Hey guys, Ive been in the market for bread proofing baskets to free up my bowls at home and knew in my heart that $30 (on amazon ) is not a good price for one of these. Last night I stayed up for 5 hours reading through egullets bread pages and found a link which I clicked and it brought me to a company which sells proofing baskets for $8-$12. Hope this helps someone on here out. Im buying two 9" rounds for my country loafs, three 16" baguette ones and one 16x6 for french bread. $62 shipped. Anyone else know of killer baking deals?


----------



## JohnnyChance (Oct 28, 2013)

What is the link? I was looking for these the other day actually.


----------



## rahimlee54 (Oct 28, 2013)

San Francisco baking institute was the best I could find. I got a couple of sizes and some couche for an OK price there. The cash from the baskets goes to scholarships at least. Click here


----------



## Justin0505 (Oct 28, 2013)

I have a friens whos and acomplished baket and would probably be interested. What's the link?


----------



## toddnmd (Oct 28, 2013)

QC, you are such a tease! Where can we get these?


----------



## apicius9 (Oct 28, 2013)

Justin0505 said:


> I have a friens whos and acomplished baket and would probably be interested. What's the link?



I have a couple of friends who are basket cases - or isn't that what you meant? 

Stefan


----------



## WildBoar (Oct 28, 2013)

rahimlee54 said:


> San Francisco baking institute was the best I could find. I got a couple of sizes and some couche for an OK price there. The cash from the baskets goes to scholarships at least. Click here


x2. The best prices I could found.


----------



## don (Oct 28, 2013)

I buy mine from San Francisco Baking Institute as well. However, The Fresh Loaf people say good things about luckyclovertrading.com's.


----------



## quantumcloud509 (Oct 29, 2013)

Lucky clover trading company it is guys. Sorry. Long days.

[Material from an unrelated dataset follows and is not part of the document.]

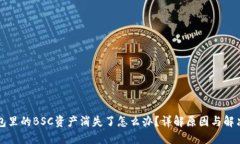 TP钱包里的BSC资产消失了怎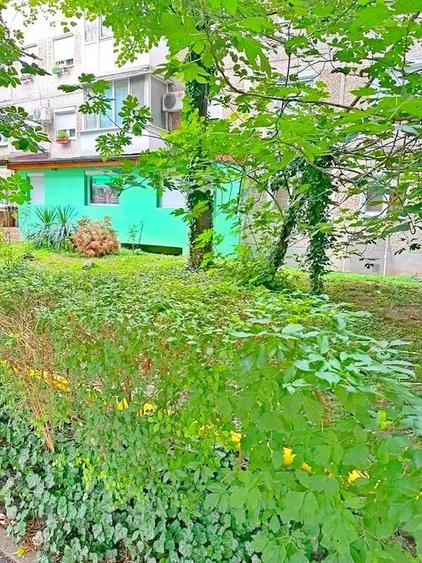 Apartament cu 3 camere decomandat, mobilat în Dacia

Man that sanfranbaking co is nice because their baskets are lined and seem to be just a few bucks more.


----------



## wenus2 (Oct 31, 2013)

I have been buying from SFBI for years. 
Good company, good people, fair prices.
They almost closed up about this time last year due to some snafu with accreditation, it was all cleared up rather quickly though and they are back better than ever. 
I always feel good about spending my money with them though, for the good they do, much like the vendors here.


----------